# Occam’s Razor, Leprechauns and The Search for Truth

William of Occam (also spelled William of Ockham) was a 14^{th} century English philosopher. At the heart of Occam’s philosophy is the principle of simplicity, and Occam’s Razor has come to embody the method of eliminating unnecessary hypotheses. Essentially, Occam’s Razor holds that the theory which explains all (or the most) while assuming the least is the most likely to be correct. This is the principle of parsimony – explain more, assume less. Put more elegantly, it is the principle of ‘pluritas non est ponenda sine necessitate’ (plurality must never be posited beyond necessity).

Empirical support for the Razor can be drawn from the principle of ‘overfitting.’ In statistics, ‘overfitting’ occurs when a statistical model describes random error or noise instead of the underlying relationship. Overfitting generally occurs when a model is excessively complex, such as having too many parameters relative to the number of observations. Critically, a model that has been overfit will generally have poor predictive performance, as it can exaggerate minor fluctuations in the data. For example, a complex polynomial function might after the fact be used to pass through each data point, including those generated by noise, but a linear function might be a better fit to the signal in the data. By this we mean that the linear function would predict new and unseen data points better than the polynomial function, although the polynomial which has been devised to capture signal and noise would describe/fit the existing data better.

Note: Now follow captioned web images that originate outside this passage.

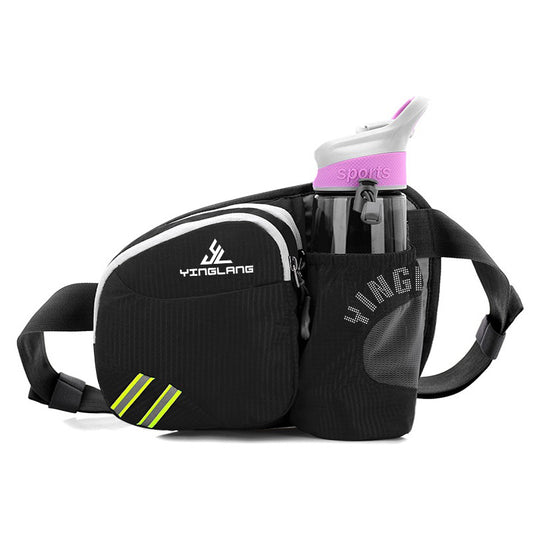 Black Lightweight Running Waist Pack with Stable Bottle Holder - Multi-Functional Nylon Sports Fanny Pack for V888-ELOSUNG45226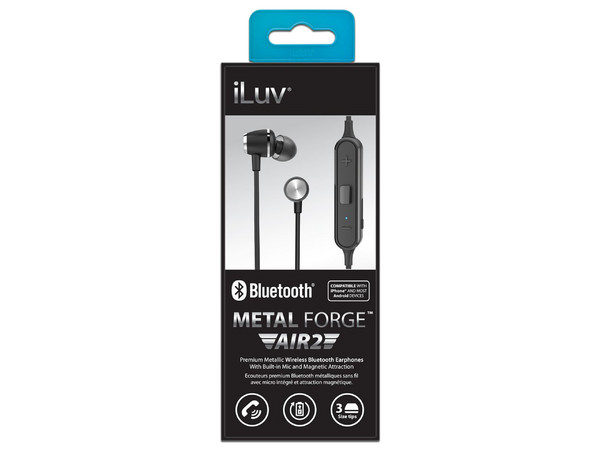 Audífonos con Micrófono iLuv Metal Forge Air2, Batería recargable. Color Negro.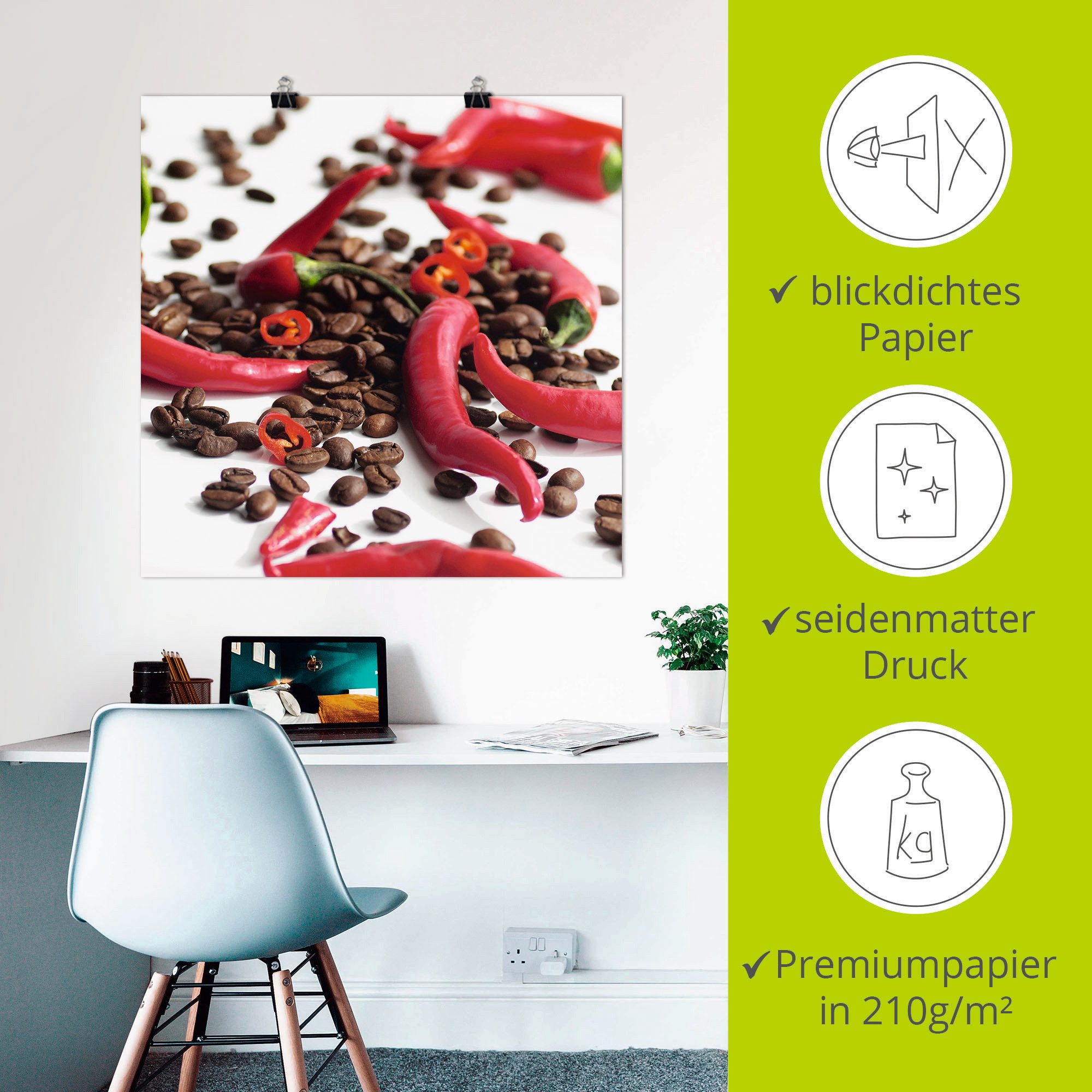 Artland Artprint Verse chili op koffie als artprint op linnen, poster in verschillende formaten maten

Turning now to ‘ad hoc’ hypotheses and the Razor. In science and philosophy, an ‘ad hoc hypothesis’ is a hypothesis added to a theory in order to save it from being falsified. Ad hoc hypothesising is compensating for anomalies not anticipated by the theory in its unmodified form. For example, you say that there is a leprechaun in your garden shed. A visitor to the shed sees no leprechaun. This is because he is invisible, you say. He spreads flour on the ground to see the footprints. He floats, you declare. He wants you to ask him to speak. He has no voice, you say. More generally, for each accepted explanation of a phenomenon, there is generally an infinite number of possible, more complex alternatives. Each true explanation may therefore have had many alternatives that were simpler and false, but also approaching an infinite number of alternatives that are more complex and false.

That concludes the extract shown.